__Exercise goal__: Would you please reproduce all the entries exactly, leaving the pictures out?

Information given below:

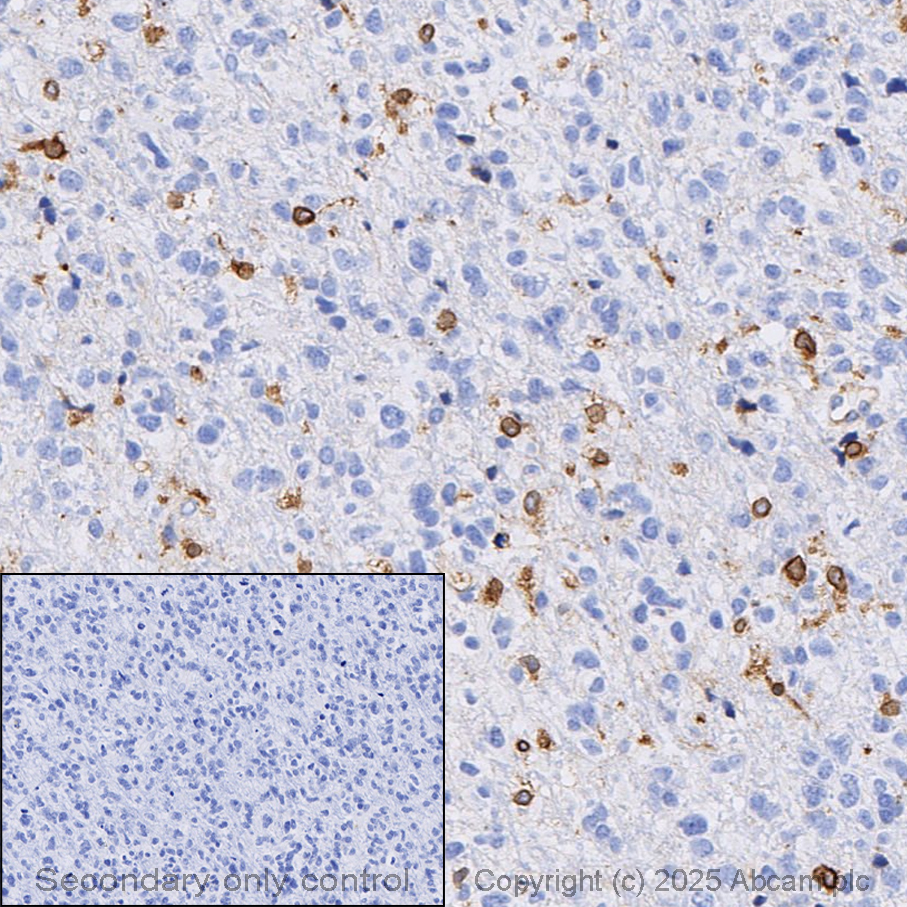 Immunohistochemistry (Formalin/PFA-fixed paraffin-embedded sections) - Anti-TREM2 antibody [EPR26209-22] (AB318262)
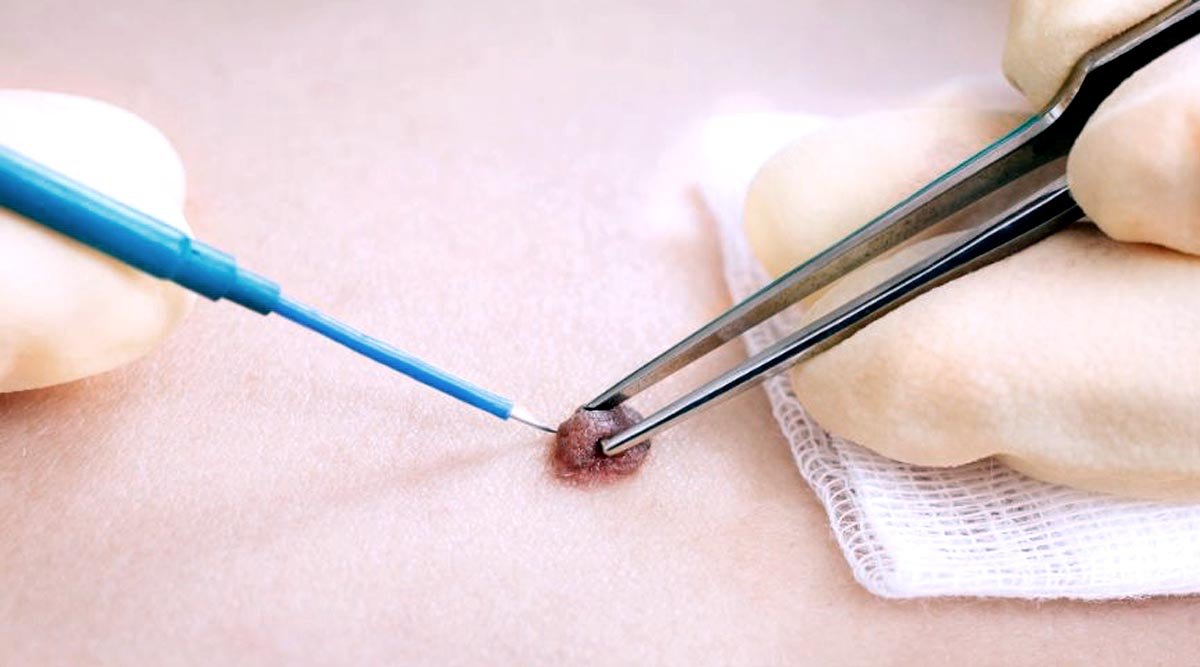 Electrosurgery | Dr. Archit Aggarwal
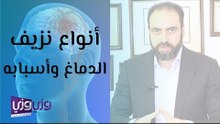 أنواع نزيف الدماغ وأسبابه
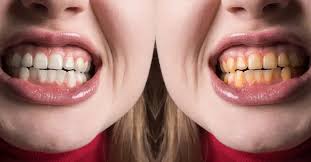 Beyond Home Kits: How Professional Teeth Whitening Delivers ...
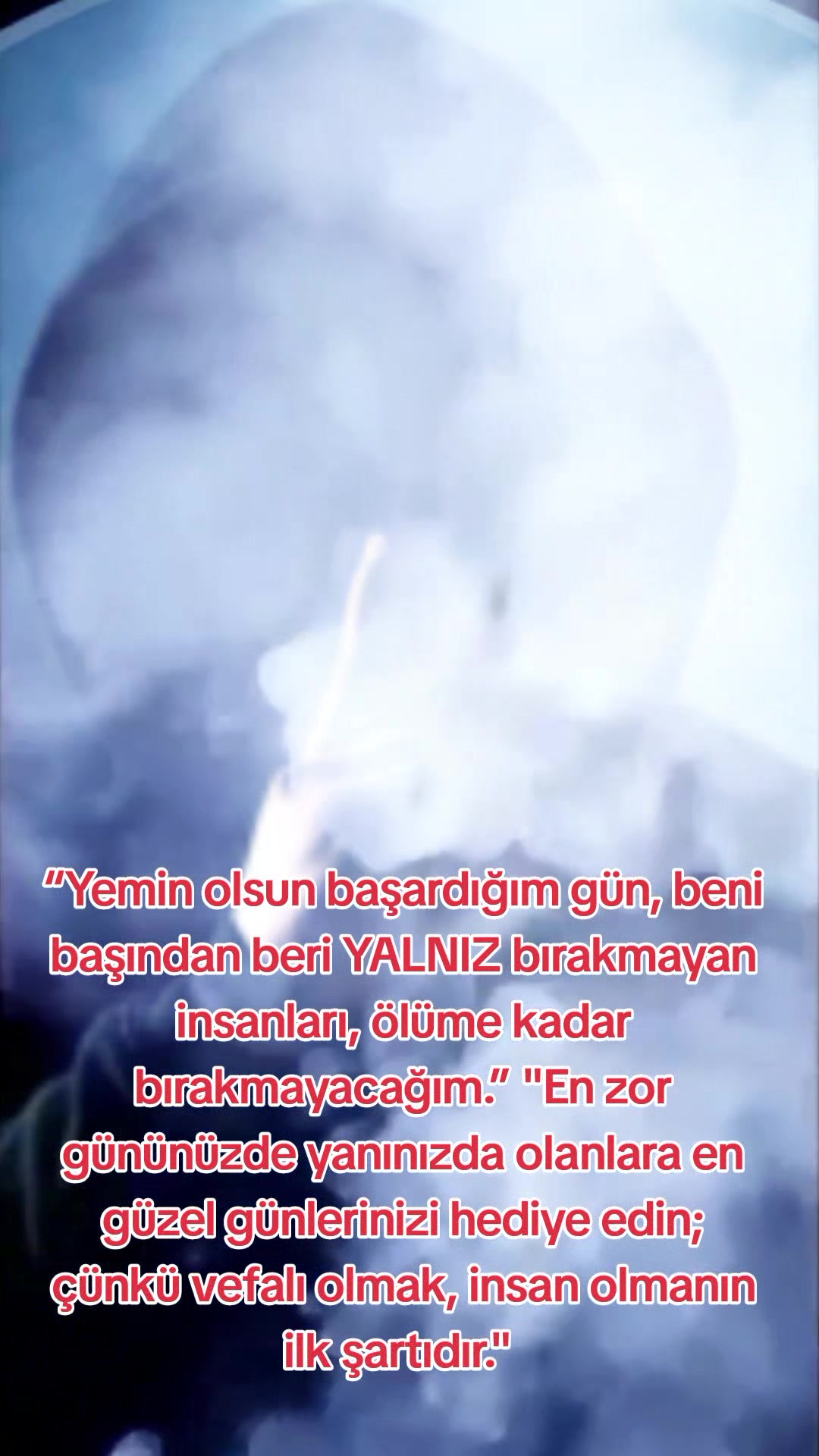 @Ahmedi Yankeski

End of Information given.

__Answer box__:
 Immunohistochemistry (Formalin/PFA-fixed paraffin-embedded sections) - Anti-TREM2 antibody [EPR26209-22] (AB318262)
 Electrosurgery | Dr. Archit Aggarwal
 أنواع نزيف الدماغ وأسبابه
 Beyond Home Kits: How Professional Teeth Whitening Delivers ...
 @Ahmedi Yankeski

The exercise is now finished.